Затем следует ритуальное (иначе не назовешь это действие по замыслу) сожжение полностью написанного второго тома... Может быть, действительно Русь не туда понеслась вместе с автором, и он завел эволюцию в безвыходный тупик?.. Затем появляются "Выбранные места из переписки с друзьями" и обращение к читателю, и, наконец, второе трагическое, как его представляют, сожжение и смерть писателя... Самосожжение?.. Срез эволюции в одной из главных ее магистральных ветвей... и оценка ее качества через личность Гоголя. Как эта последовательность событий связана с названием и загадочным обозначением жанра? Ведь Гоголь, несмотря на самые резкие отрицательные оценки произведения кок свои, так и критики, в довольно большом промежутке времени работы над поэмой, при неоднократных ее исправлениях, даже при полном истреблении оконченного второго тома, все же не изменил самого главного - названия и жанра произведения. Оно было стержневым, в нем ключ к разгадке образа замысла.

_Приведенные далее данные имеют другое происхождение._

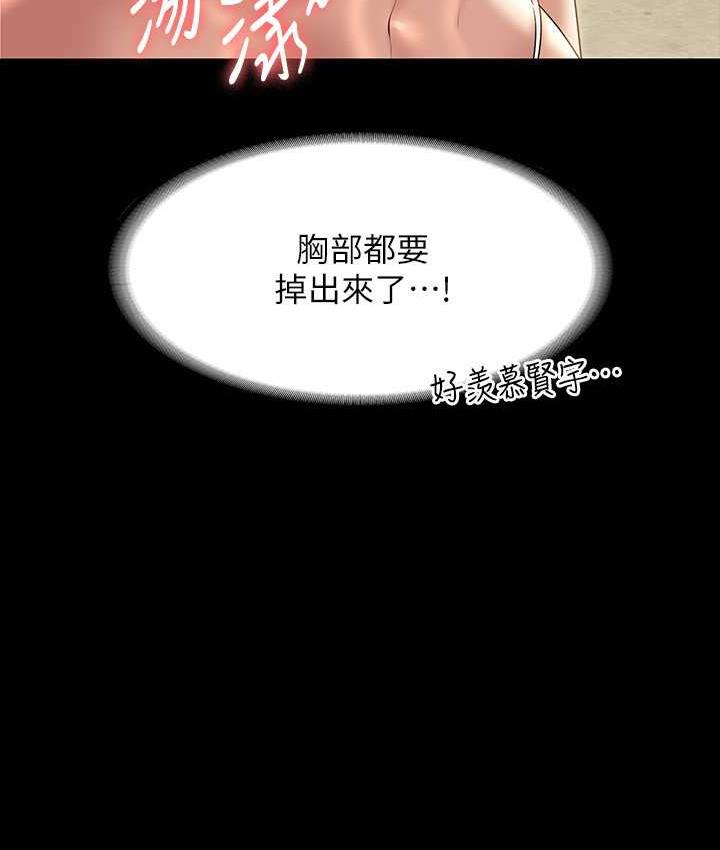 第117话-在沙滩上大胆露出 - 第43.jpg页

Вопрос не только в том, что Гоголь необычайно дорожил сюжетом "мертвых душ", переданным ему Пушкиным и, видимо, не в клятве, данной Пушкину, написать обличительный роман современной России, не в этом священном для Гоголя завещании дело: в названии Гоголь увидел нечто большее - сакральный образ "сошествия во ад", приобщающий и приготовляющий читателя к выходу из империи "мертвых душ", из ада действительной жизни к духовному, преобразующему миру Слова, через дантевское чистилище в рай. Конечно, такой образ замысла ставил и задачи перед автором в другом, качественно ином, несоизмеримо более богатом значении. Образ "сошествия во ад" в "мертвых душах" России и поэтическое преображение личности - ключ к пониманию замысла произведения.

— 5 —

Историческая судьба крепостнической России после триумфальной победы над поверженной Наполеоном Европы низвергла ее на глазах человечества во тьму безнравственности "большого света", просвещенного невежества, лицемерия и человеконелюбия. При всем прогрессе европейского образования крепостное рабство унижало достоинство русского человека — спасителя Европы от порабощения. Первообразный способ видения нравственного мира позволял Гоголю осмыслить как в судьбе России эсхатологически совершается и раскрывается "страшный суд" в самой действительности, суд нравственного Слова народа, как высочайшие духовные явления культуры святой Руси были опутаны "страшной, потрясающей тиной мелочей , мраком "мертвых душ", погрузивших Россию но дно ада обыденной, затхлой жизни. Подобно библейскому пророку, Гоголь бросил вызов обличения падшей России в самом названии произведения. Но одновременно в скрытой, невыявленной форме поэтического жанра дал и надежду ободрения на преображение Святой Руси.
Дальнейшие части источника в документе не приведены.